Today I touched the wall. Hesitantly at first, just a brush with the back of my hand as I walked alongside it, but then with more resolution, a bump with the side of my fist that smarted. My walk today took me to the outskirts of Beit Hanina, a Palestinian neighborhood north of Jerusalem proper. I first walked north, on the road to Ramallah, through a narrow, strange stretch of land between the imposing 30-foot form of the wall, scattered industrial parks, and once, a neighborhood with signs in Hebrew. The road was busy with busses, trucks and cars, but I turned around after about a mile, not wanting to face the Ramallah checkpoint on foot.
As I walked back into town, I crossed paths with a group of noisy kids just back from their school day, and was particularly struck by the amount of junk, and weird human stuff that had ended up tangled in the barbed wire that topped the wall. Most frequently I saw soccer balls. Somebody’s game, source of entertainment and recreation snatched up by the greedy fencing. But there were also shirts, shoes, beer bottles, stuff that looked much more intentional and much less understandable.
I continue to follow the path of the wall east, where it cuts Beit Hanina off from al-Ram. The houses are so close. Neighbors could still wave to each other across the barrier, provided they lived above the third floor. More kids meander home through the streets, stopping every once in a while to scuffle. I am also struck by how easily pigeons and crows flap ungracefully, unharmed, over the wall.
The road is windy, the wall follows faithfully. Then suddenly, I can go no further. The wall continues east, but another fence sprouts perpendicular from its side. Shorter and see-through, but every bit as serious, this barrier separates Beit Hanina from the Jewish neighborhood of Neve Ya’kov. And I am flabbergasted. I know for a fact that this fence can be circumvented maybe 2 miles south of its origin. Beit Hanina is inside the Jerusalem Municipal boundaries. So is Neve Ya’kov. The only purpose this fence can serve is to prevent local traffic between the neighborhoods. To keep Jews in Neve Ya’kov and Palestinians in Beit Hanina. And to keep me from continuing my path that would cross both.

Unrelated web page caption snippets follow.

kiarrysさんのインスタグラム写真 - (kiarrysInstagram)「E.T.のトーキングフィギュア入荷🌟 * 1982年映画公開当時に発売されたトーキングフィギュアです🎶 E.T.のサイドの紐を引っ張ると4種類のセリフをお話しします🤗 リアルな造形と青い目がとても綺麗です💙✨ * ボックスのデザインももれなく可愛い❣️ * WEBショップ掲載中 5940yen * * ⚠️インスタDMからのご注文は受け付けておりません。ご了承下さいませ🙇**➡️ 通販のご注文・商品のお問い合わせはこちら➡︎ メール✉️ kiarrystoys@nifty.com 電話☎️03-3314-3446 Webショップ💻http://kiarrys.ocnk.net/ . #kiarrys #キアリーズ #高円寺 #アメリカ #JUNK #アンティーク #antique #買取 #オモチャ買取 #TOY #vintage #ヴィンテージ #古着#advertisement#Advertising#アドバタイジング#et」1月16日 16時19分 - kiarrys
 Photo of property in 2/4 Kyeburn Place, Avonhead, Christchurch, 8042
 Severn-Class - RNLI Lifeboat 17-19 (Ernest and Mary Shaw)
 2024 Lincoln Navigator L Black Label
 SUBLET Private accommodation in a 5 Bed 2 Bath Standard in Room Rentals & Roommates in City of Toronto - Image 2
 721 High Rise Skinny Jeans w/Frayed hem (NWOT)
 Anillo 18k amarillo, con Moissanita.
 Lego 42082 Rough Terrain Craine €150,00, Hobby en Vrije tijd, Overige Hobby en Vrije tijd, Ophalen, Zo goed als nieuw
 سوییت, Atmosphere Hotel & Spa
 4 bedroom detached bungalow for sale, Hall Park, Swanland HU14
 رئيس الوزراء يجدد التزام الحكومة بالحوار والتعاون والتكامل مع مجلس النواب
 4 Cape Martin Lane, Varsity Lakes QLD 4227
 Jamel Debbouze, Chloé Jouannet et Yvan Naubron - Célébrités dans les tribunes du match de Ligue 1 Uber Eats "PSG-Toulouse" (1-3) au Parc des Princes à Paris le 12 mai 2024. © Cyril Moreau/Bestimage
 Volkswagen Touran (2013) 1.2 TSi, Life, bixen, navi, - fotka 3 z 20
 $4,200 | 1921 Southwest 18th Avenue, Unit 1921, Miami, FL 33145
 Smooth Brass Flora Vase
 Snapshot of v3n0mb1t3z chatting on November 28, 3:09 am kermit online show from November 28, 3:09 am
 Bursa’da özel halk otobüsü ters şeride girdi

Today, I went with Jesse and Mori to an event protesting the construction of the Slopes of Mt. Scopus National Park, coordinated by the Sheikh Jarrah Solidarity Movement. The proposal would effectively annex Palestinian land, hemming in a nearby village between the wall and the park and preventing expansion. The same tactic was used south of Jerusalem a number of years ago, when the government took land for a ‘park’ and later built the settlement of Har Gilo. Today, about thirty activists, both Israeli and Palestinian, gathered to prepare the ground to plant olive trees. Most worked with shovels while Jesse and I moved some rocks out of the way. Prayer mats and yarmulkes alike were in danger of being swept away by wild gusts of wind. We only stayed for an hour, since rain threatened our work, but nevertheless, the earth on the hillside had been turned and made ready for a peaceful and symbolic means of resistance.
Here’s the audio from a multimedia piece on Silwan I’m putting together. Went back and shot today, but my plans were cut short by a settler yelling at me through the intercom/camera system outside his house. Anyway, images are a work in progress, but the audio is mostly cut together. Thoughts and feedback are most welcome.
I tagged along on a tour of Silwan with a group from Williams College today. Silwan is a predominately Palestinian neighborhood just outside of the Old City that is an epicenter of conflict between settlers and Palestinians in Jerusalem. It’s a long, complicated story, but the short of it is that Jewish settlers are moving into the neighborhood by evicting Palestinians, based on ancient Jewish claim to the City of David, a legitimate archaeological site in the neighborhood. It’s easily one of the most tense and sensitive places in Jerusalem, if not the entirety of Israel/Palestine. Mori (who works at Rabbis for Human Rights) had been invited to add up-to-date information and commentary since he does a lot of work fighting Palestinian housing evictions in the neighborhood. We also heard from a Palestinian activist who lives in the neighborhood and had been shot by a settler. More to come later, but here are some photos.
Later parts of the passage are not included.